→ Material for the task:
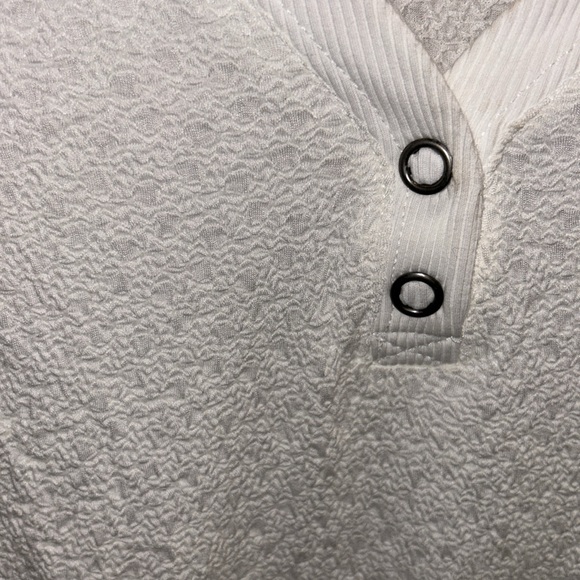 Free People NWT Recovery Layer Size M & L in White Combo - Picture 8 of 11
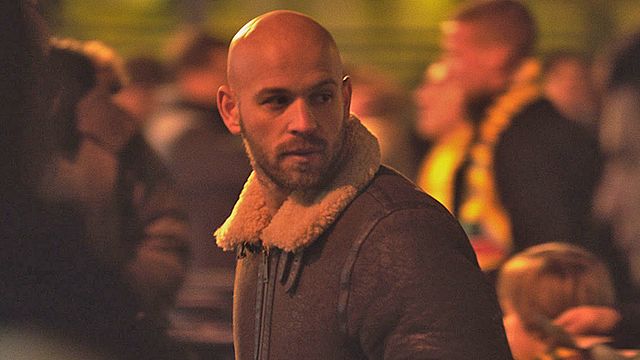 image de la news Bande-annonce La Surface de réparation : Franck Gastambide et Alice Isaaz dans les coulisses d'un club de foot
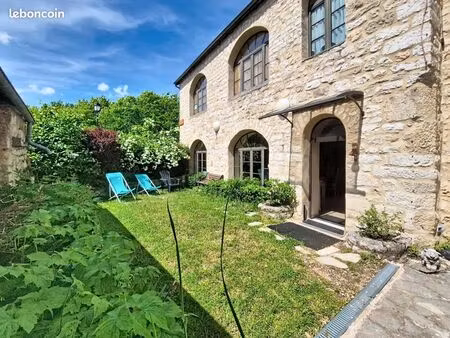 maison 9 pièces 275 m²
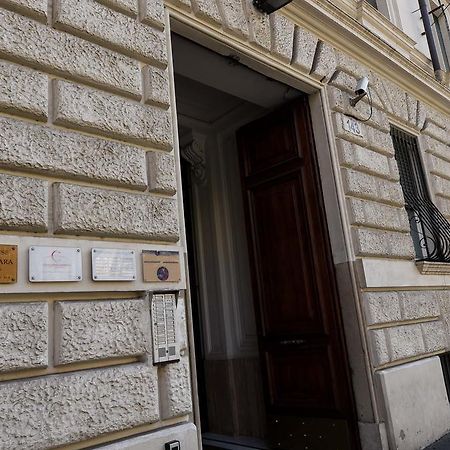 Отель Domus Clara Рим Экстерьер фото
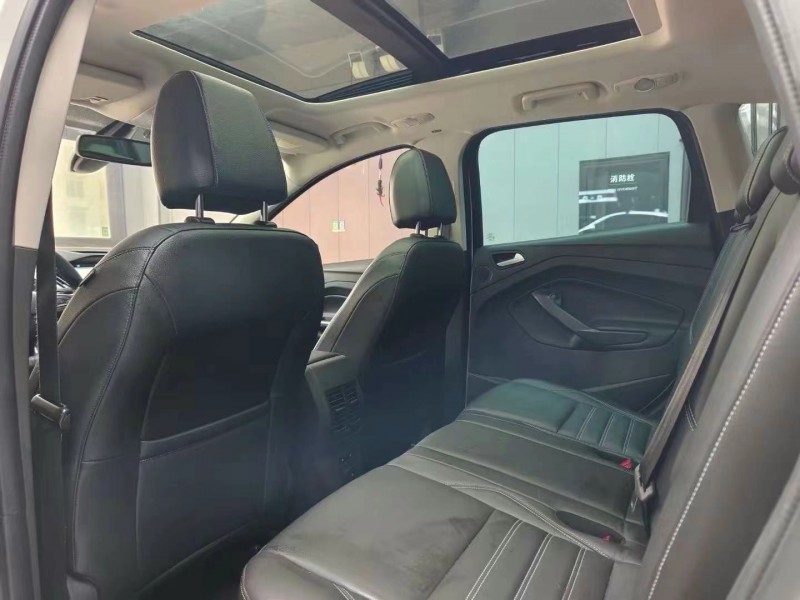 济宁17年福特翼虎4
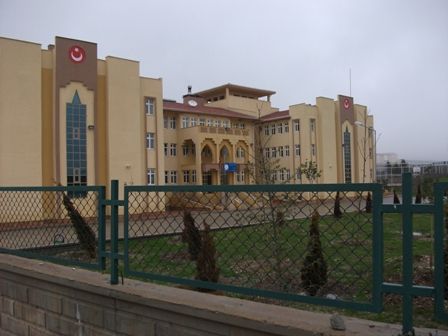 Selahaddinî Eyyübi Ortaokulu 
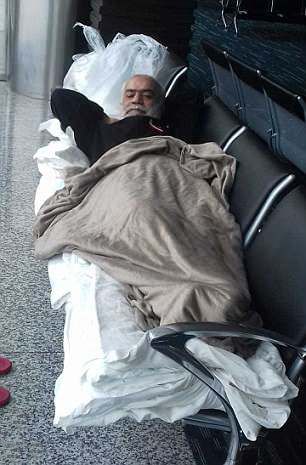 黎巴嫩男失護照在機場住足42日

---

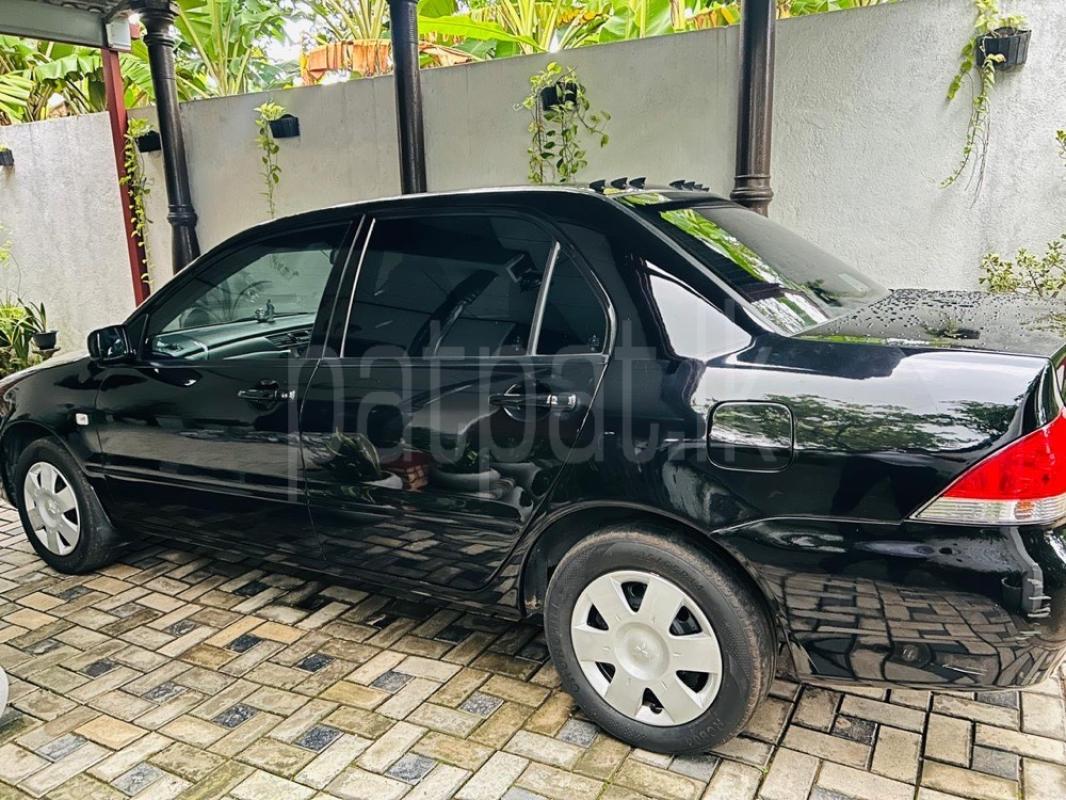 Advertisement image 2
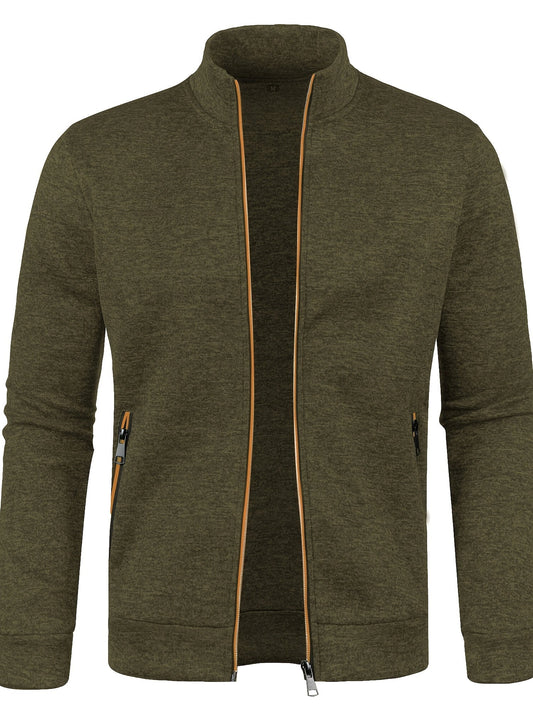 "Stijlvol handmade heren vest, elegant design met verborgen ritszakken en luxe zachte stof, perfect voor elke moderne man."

→ Assignment:
Using the listing above, repeat word for word each line from the one with "Free People NWT" down to the one with "黎巴嫩男失護照在機場住足42日", both included. Omit all pictures.

→ Task response:
 Free People NWT Recovery Layer Size M & L in White Combo - Picture 8 of 11
 image de la news Bande-annonce La Surface de réparation : Franck Gastambide et Alice Isaaz dans les coulisses d'un club de foot
 maison 9 pièces 275 m²
 Отель Domus Clara Рим Экстерьер фото
 济宁17年福特翼虎4
 Selahaddinî Eyyübi Ortaokulu 
 黎巴嫩男失護照在機場住足42日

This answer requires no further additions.